War and an Irish Town
By Eamonn McCann
First publication Pluto Press, 1974. Chicago: Haymarket Books edition, 2018, $20 paperback.

Source : https://againstthecurrent.org/atc223/war-and-an-irish-town/

“‘WE’RE GONNA WALK on this nation, we’re gonna walk on this racist power structure, and we’re gonna say to the whole damned government — “STICK ‘EM UP MOTHERFUCKERS.’”

WITH THIS QUOTE from a film of the Black Panthers, Eamonn McCann, launches the Haymarket edition of his classic study of Derry and the North of Ireland Troubles, War and an Irish Town, taking us back to those heady days when so much change not only seemed possible, but likely to happen.

This is an especially timely reissue when the question of a united Ireland is again on the table.

Those in Derry that 1968 night cheering the Black Panthers’ words shared a common goal: the fight against inequality and repression, whether on the streets of Derry or Chicago where Black activists were “then under murderous assault by the feds and local police forces across the US.”

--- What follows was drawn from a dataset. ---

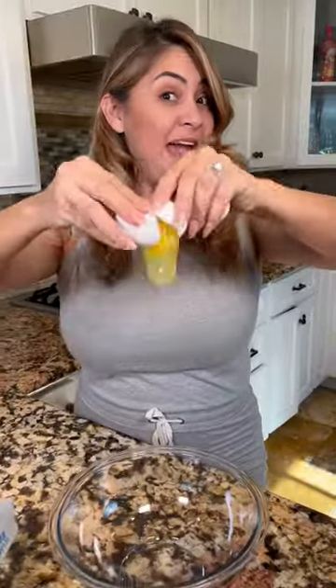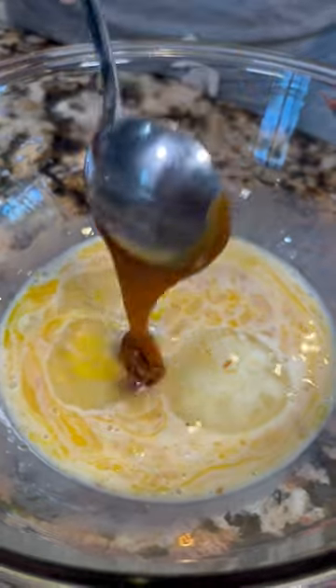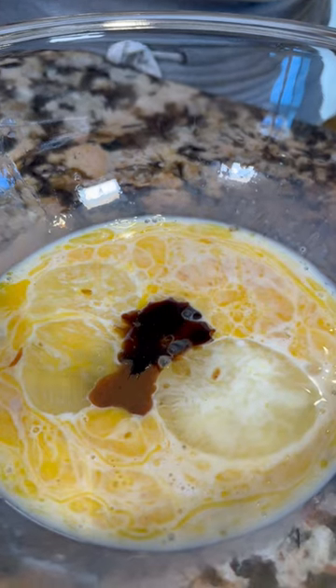Let's make French toast! Two eggs. We're gonna add dulce de leche creamer, cajeta de chapala, vanilla, and cinnamon.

In those years, from Vietnam to Yugoslavia, Chicago to Mexico and many other places, the world was filled with students, workers, communities fighting back. McCann argues that “Each upsurge of struggle sent out a flurry of sparks which helped ignite struggle elsewhere.”

He situates The Troubles in the North of Ireland in this time of international struggles. Those who were there for those struggles should read this latest edition, with a new introduction by the author, to reconsider what happened and why we did not win. Those who were too young at the time can read about those exciting times and what lessons can be learned for the future.